[flow-tools] performance question [resend]

Fri, 24 Jan 2003 10:14:36 -0600 (CST)

   > We have installed a netflow collection system and I have developed a
   > set of scripts using flow-tools to analyze the collected data.  So
   > far, so good.
   > 
   > The problem is, it currently takes about 3 days to analyze each days'
   > data (on a 900 MHz top-of-the-line Sparc-something-impressive).

   Could you give a few more details on what your scripts look like to
   analyze the data?  For example are you running all the data
   through flow-tag and flow-nfilter 500 times?

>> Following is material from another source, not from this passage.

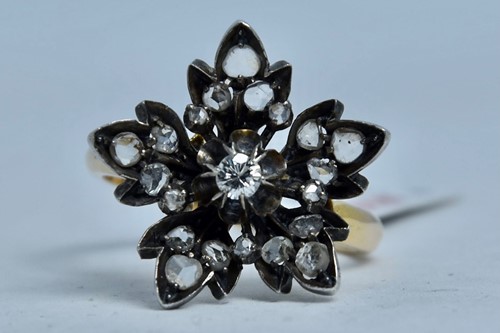 Vedere dettagli per ANELLO FIORE DIAMANTINI Immagine di ANELLO FIORE DIAMANTINI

As I mentioned in an earlier message (which may have yet to wend its way
through the queues...), this problem has been fixed by writing tailored
code for flow-tag.

Basically, we are collecting netflow data on about 20 routers.  This
data is in:

	/netflow/<router name>/<flow files at 15 minute intervals>

(I'm simplifying and paraphrasing, but the gist will be correct.)

The data is copied to

	/netflow/filtered/<router name>/<flow files at 15 minute intervals>

by passing it through a chain of three commands:

	flow-nfilter	-- remove duplicate flows
	flow-tag[*]	-- add tags for customer and Internet data
	flow-nfilter	-- remove all non-tagged flows

The data is then merged into:

	/netflow/merged/<flow files at 15 minute intervals>

so that there is one set of files for the whole system.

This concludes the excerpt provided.